Hay maneras y maneras de hablar de ello. Cualquiera que estudie el pensamiento de los papas y lea las homilías y los discursos de Francisco no puede dejar de notar ciertas peculiaridades. De hecho, una cosa es reconocer, como sus predecesores, virtudes y abusos de la propiedad privada. Otra cosa muy distinta es pasar por alto las primeras, casi ausentes en su magisterio, e insistir en los segundos. Cambie el acento de una palabra y cambiará el sonido; a veces incluso el sentido. No es sorprendente. La doctrina social de la Iglesia nació del catolicismo europeo. Estaba en guerra con la modernidad, pero impregnado de sus efectos, negativos a sus ojos, pero positivos para millones de seres humanos. La propiedad privada fue un pilar de esos progresos. De ahí el prudente esfuerzo por imponerle límites sin negarla: una doctrina realista, pragmática, reformista. El catolicismo bergogliano, en cambio, como la mayor parte del catolicismo latinoamericano, conserva una vena mesiánica.
Será porque la cristiandad implosionó en Europa en el siglo XVI mientras sobrevivió en América Latina durante siglos, con su bagaje de unanimismo político y religioso. Que por eso la cultura del crecimiento y la mentalidad secular maduraron en el “viejo” continente y no encontraron terreno fértil en el “nuevo”. El caso es que las diatribas del Papa contra el dios dinero, las leyes del mercado, el “sistema” demoníaco, no evocan a los reformadores católicos de los siglos XIX y XX, sino más bien al profetismo milenarista de los orígenes. Su apelación maniquea a un mundo dividido entre ricos y pobres evoca la furia vengativa de esa tradición. Los comunistas, explicó, copiaron el cristianismo, y tiene razón. Pero hay variaciones del cristianismo que ningún comunista pensaría en copiar.
En conclusión, dos consideraciones. La primera es que pensar en combatir la pobreza atacando la propiedad privada es como intentar apagar un incendio con gasolina. ¿Cuánta evidencia más se necesita para admitirlo? Lo entendieron incluso los regímenes comunistas, donde la introdujeron y millones de personas salieron de la miseria, el camino opuesto al de la Argentina, tachonado de controles y nacionalizaciones, coacciones y expropiaciones. Pero al Papa le importa más luchar contra la riqueza que erradicar la pobreza. Rafael Tello, uno de sus teólogos favoritos, no lo ocultaba. Los pobres son para ellos el arquetipo de la pureza que la prosperidad contamina, el eterno menor al que vela la santidad del pastor, el alma inocente que conserva la piedad cristiana corrompida por la mundanalidad.
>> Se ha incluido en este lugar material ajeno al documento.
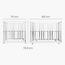 Roba Wooden Foldable Playpen - 74x100 cm-InfluencerCodes_Ramadan26_All_20012026-image-3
La segunda consideración es que las palabras del Papa no producirían el fragor que producen cada vez en la Argentina si no fuera por el peso que les dan medios y políticos, intelectuales y sindicalistas, movimientos sociales y deportistas ilustres. En esto radica la hegemonía de la “nación católica”. Y también, en mi opinión, el lastre que pesa sobre el desarrollo de un país donde la política y la economía no se emanciparon de la teología. Sabias para unos o infaustas para otros, inofensivas para la mayoría, en otros lugares esas palabras fluyen como agua sobre roca, como conceptos bien conocidos cuya complejidad incumbe a la esfera política, a la democracia.
En la Argentina, no. En la Argentina, todos aspiran a exhibir el certificado de aprobación de la Iglesia, la marca de fidelidad a los principios nacionales y populares de la catolicidad. Es un guion antiguo pero aún vigente, que en las últimas dos décadas impulsó a los antikirchneristas a “usar” a Bergoglio contra Kirchner y a los kirchneristas, contra Macri, y así sucesivamente en todos los niveles, federal o provincial, presidencial o legislativo. ¿Resultado? El Papa se erige así como juez y árbitro, dicta la agenda y fija su perímetro, mueve peones e “inicia procesos”. Soy un poco astuto, dice el Papa, sé moverme. Es verdad, chapeau. Tanto, que yo también estoy aquí escribiendo sobre eso.